Two online skywatching groups —
the Slooh community telescope and the Virtual Telescope Project — will
provide live webcasts of the solar eclipse from Australia, beginning at 2
a.m. EDT (0600 GMT) on Tuesday. You can watch those solar eclipse
webcasts live on Space.com. It will be Tuesday afternoon local time
across Australia during the eclipse, with the sun setting before the
event concludes.
Solar eclipses occur when the moon passes
between the sun and earth, as seen from the surface of the earth, and
blocks part or all of the sun's disk. When the moon and sun align
perfectly, a total solar eclipse occurs. Because the moon's orbit around
earth is tilted, the moon and sun don't align in an eclipse every
month.
Tuesday's solar eclipse will be what scientists
call an annular solar eclipse. The event, also known as a "ring of fire"

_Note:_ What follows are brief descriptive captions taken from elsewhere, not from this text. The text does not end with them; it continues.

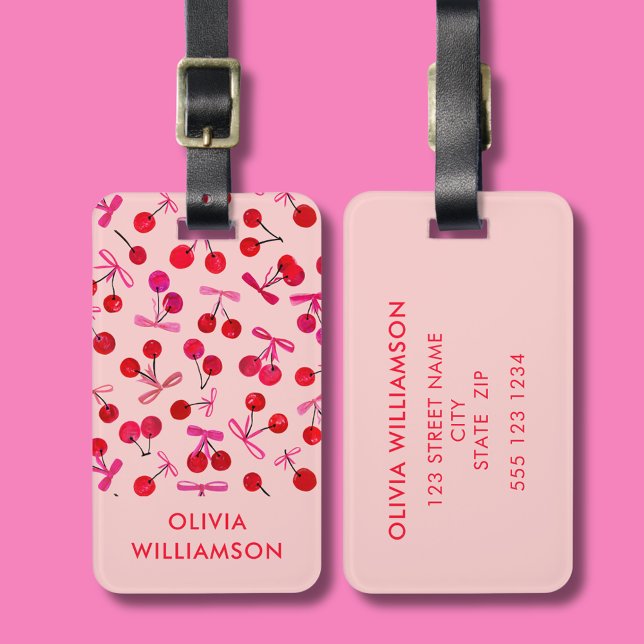 Coquette Cherry & Rosa Bow mönster Bagagebricka (Cherry & pink bow  pattern coquette aesthetic personalized luggage tag)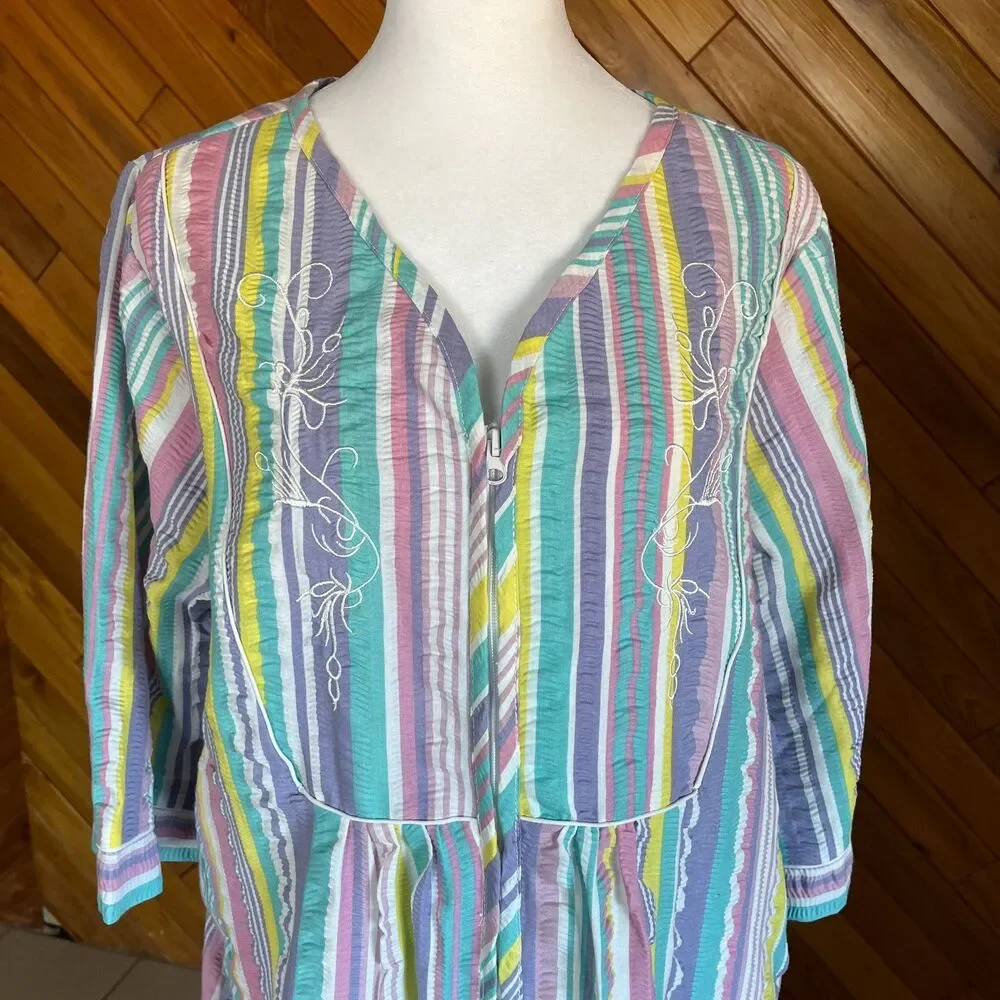 Vintage Cotton Seersucker Striped Pastel Nightgown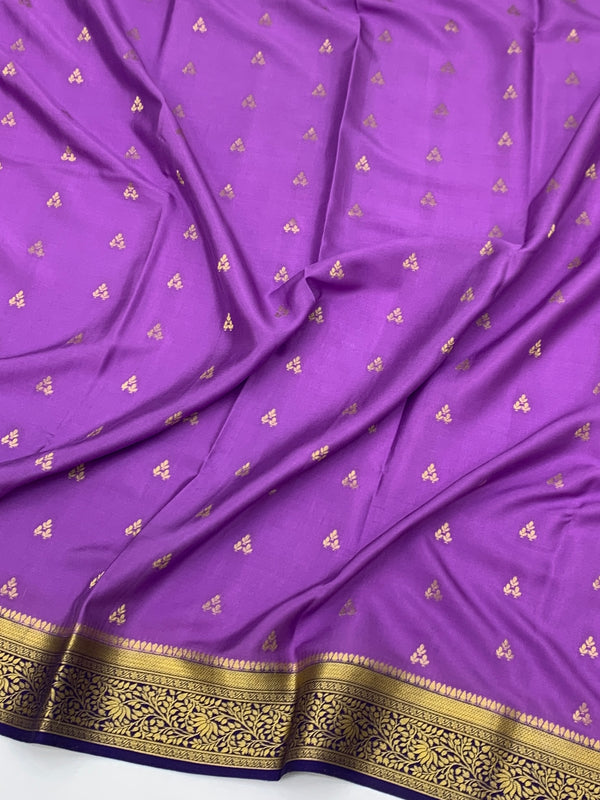 Radiant Lavender & Royal Blue Mysore Silk Saree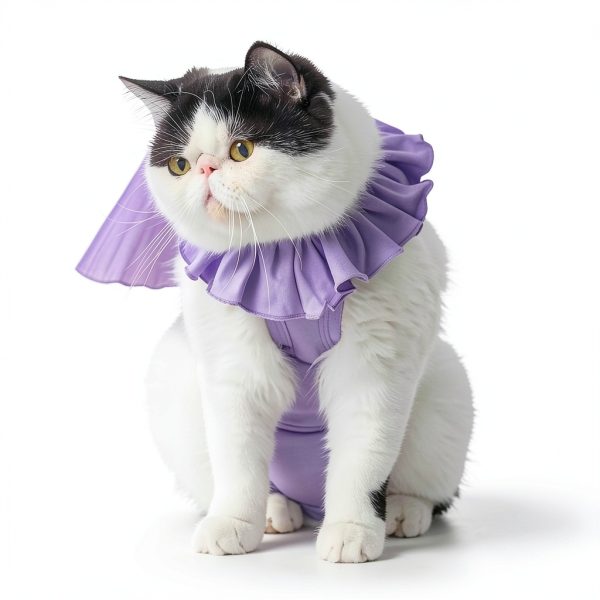 Kukaster Cat Recovery Suit Cotton Elastic Wound Protection-5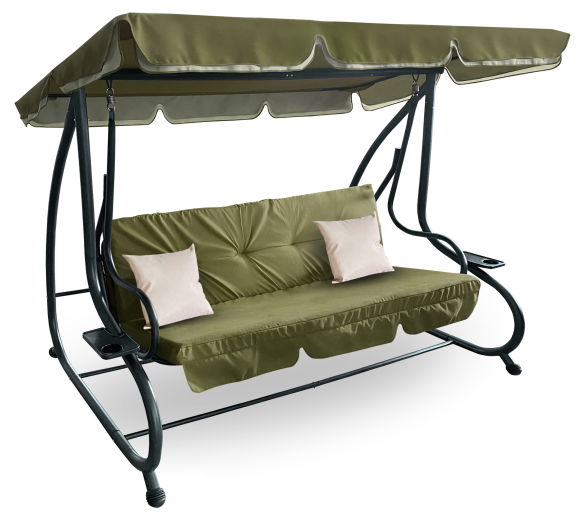 Aga Zahradní houpačka 2v1 GRANDLUX XXL Olivová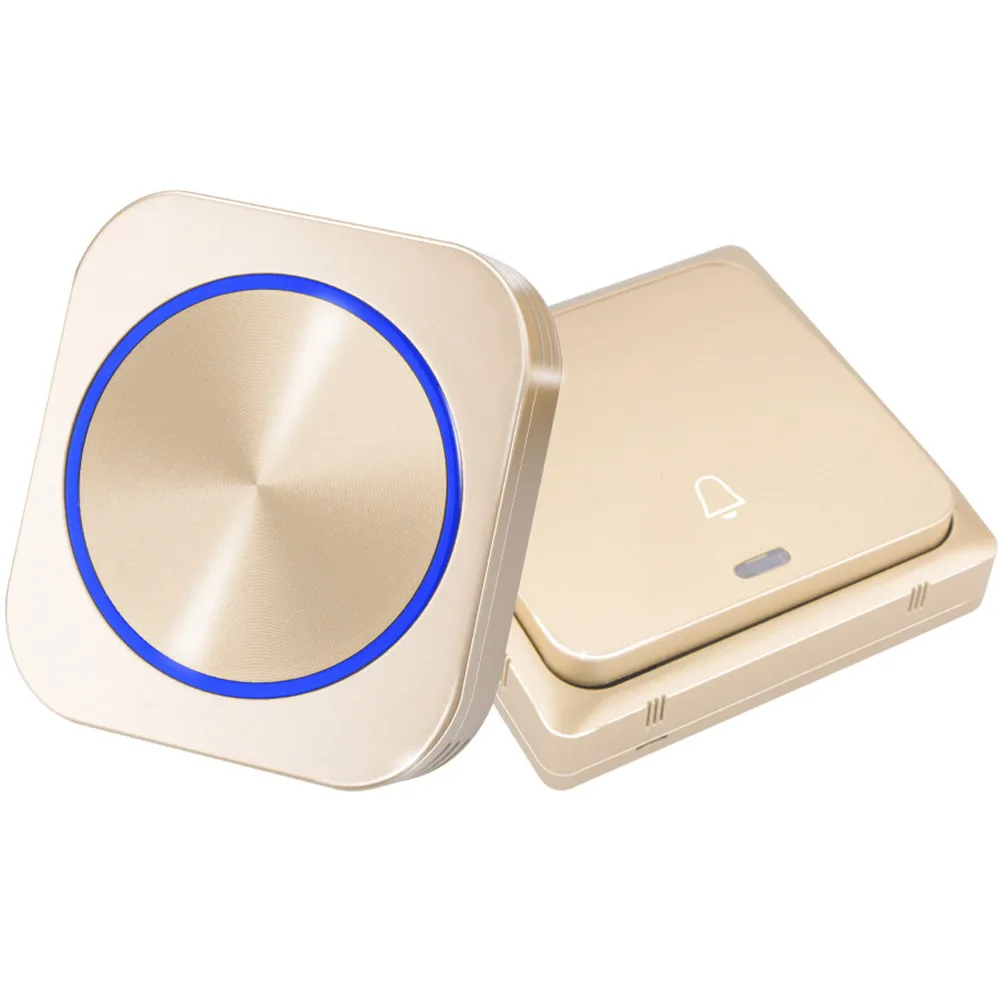 SMATRUL self powered New Waterproof Wireless Doorbell EU Plug 150M Remote smart Door Bell Chime ring 1 2 button 1 2 3 receiver no battery Deaf Gorgeous lighting black (3) - 副本 - 副本 - 副本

solar eclipse, occurs when the sun is too far from earth to completely
obscure the sun's disk. The result is a bright ring of sunlight around
the moon's silhouette, as viewed from the earth's surface.
But
on Tuesday, the potentially dazzling "ring of fire" eclipse will only
be visible from one uninhabited spot in Antarctica, where the only
audience may be penguins on the frigid landscape.
"This is
a thoroughly bizarre eclipse," Slooh astronomer Bob Berman said in a
statement. "When Slooh brings its live feeds from Australia, and we
watch in real time as the inky black hemisphere of the moon partially
obscures the sun, the greatest thrill might be an awareness of what's
occurring — unseen by any human — in a tiny region of Antarctica."
The
April 29 solar eclipse will begin at 1:15 p.m. local time in Perth, the
capital of Western Australia, and end at 3:59 p.m. local time. The time
of greatest eclipse occurs at 2:41 p.m., when the moon will obscure
about 65 percent of the solar disk. The event will begin later in the
day for observers in Melbourne (3:58 p.m. local time) and Sydney (4:13
p.m.), with the sun setting before the eclipse ends.
Tuesday's
solar eclipse is the second eclipse of 2014 after the total lunar
eclipse on April 15. The next total lunar eclipse will occur on Oct. 8
and will be primarily visible from the Pacific Ocean and its bordering
coastlines. A partial solar eclipse visible from most of the United
States and parts of Canada will then follow on Oct. 23.